Estimating the value of availability

 

You need to build a business case for improving availability when you are asked to justify the cost of additional hardware to support availability.

To estimate the value of your information services, follow these steps:

  1. Develop a list of the major services and solutions that your system provides. Your system exists so that users and solutions can accomplish tasks that are critical to the operation of your business. The systems provide solutions to a business function. If the system is unavailable, the business function cannot be completed or is significantly degraded to the point of causing the business lost revenue or increased expenses.

  2. Assess how much it costs you when these services are unavailable. Each application or service has a direct effect on business functions.
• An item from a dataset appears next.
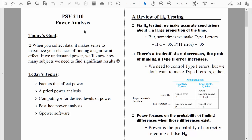Welcome back everybody. Let's continue to talk about power analysis. Last time I reminded you what power is — power is the probability of correctly rejecting a false null hypothesis, in other words, the probability of not making a type 2 error. Today, let's talk about some factors that affect power, because if we can understand those factors, we can design a study to maximize the probability of finding differences that actually do exist.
You need to determine how these business functions would be affected and what would be the overall cost to your business if these services were unavailable.

  3. Look at direct costs versus indirect costs. Direct costs are losses that can be traced directly to a system being unavailable. Indirect costs are those that are incurred by another department or function as a result of an outage.

  4. Consider tangible costs versus intangible costs. Tangible costs can be measured in currency. However, there are other costs that are not measured with money, such as market share, lost opportunity, and good will.

  5. Analyze fixed costs versus variable costs. Fixed costs are those that result from a failure and are the same, regardless of the length of the outage. Variable costs are those that vary, based on the length of the outage.